Maharashtra Shakti Bill 2020: Civil society denounce new provisions

Write letter to government raising objections to provisions like death penalty, punitive measures against survivors of sexual offenses


Around 28 organisations, six legal professionals, professors, social activists have written to the Chief Minister, Home Minister, Minister for Law and Judiciary and Minister for Women and Child Development, Maharashtra, raising objections to the Maharashtra Shakti Bill, 2020 and the Special Courts and Machinery for the Implementation of the Shakti Bill, 2020.

The proposed bill will be introduced in the 2-day winter session of Maharashtra Assembly beginning December 14. This draft Bill includes provisions for stern punishment – including a death penalty, life sentence, and hefty fines, for the perpetrators. It also recommends speedy trials and seeks to amend relevant sections of the Indian Penal Code, Criminal Procedure Code and the Protection of Children from Sexual Offences Act for the proposed law’s application in the state.

They have expressed their “shock” at the draconian legislation, in the name of curbing the widespread violence against women and girls. This memorandum states that some of the provisions are not only anti- women, but negate the very offence of rape. The effect of this Bill will completely deny women any hope of justice. Hence, the group has requested the ministers through this letter to not table the Bill till there is a larger consultation with activists, lawyers and academicians who are working on these issues.

They have also critiqued the Bill and have asked for extra time to send across a detailed version of it. The feminists have however, addressed some issues in the letter like the term consent, debate around death penalty, the judicial process, false cases and already existing laws.

Presumption of consent

The letter states, “The Amendment which seeks to add Explanation 3 to section 375 i.e. where parties are adults and the conduct of such parties from all circumstances surrounding the same appears that there was consent or implied consent a presumption of consent will be made and that negates the entire definition of consent under section 375 and the offence of rape itself.”

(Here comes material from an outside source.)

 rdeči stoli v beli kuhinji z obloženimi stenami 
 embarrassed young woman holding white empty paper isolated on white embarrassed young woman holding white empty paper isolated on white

This feeds into the patriarchal notions of consent as in a lot of cases of rape, the accused take the plea of consent and with such an explanation added, it will become impossible for the prosecution to establish rape. This will nullify the very offence of rape.

Death Penalty

They believe that the proposed enhancement in the punishment for rape, gang rape and penetrated sexual assault against children to include death penalty will be counter-productive to women and contrary to the statement and object of the law. It is the certainty of investigation, trial and punishment that works as a deterrent and not how harsh the punishment is.

They have relied on studies that show “more than half of the total offences under the POCSO Act are committed by persons known to the children. In such cases, the possibility of the accused person being awarded the death sentence multiplies the conflict and the trauma faced by the victims and is most likely to prevent the reporting of such crimes.”

The letter also states that its dangerous for all sexual violence survivors as several incidents of rapes are followed by the rapists killing the victim because they feel there is no difference between the sentence for rape and that for murder. Imposing death penalty will also make survivors feel that their life is over and would not be valued anymore.

False cases

Section 12 of the Special Courts and Machinery for the Implementation of Shakti Act, 2020 punishes filing “false complaints” or providing “false information” regarding sexual and other offences against women solely with the intention to humiliate, extort, threaten or defame the accused. The group of feminists believe that this provision will further perpetuate the patriarchal notions of viewing women with suspicion, as unworthy of being believed and likely to incriminate men in false cases for unscrupulous purposes.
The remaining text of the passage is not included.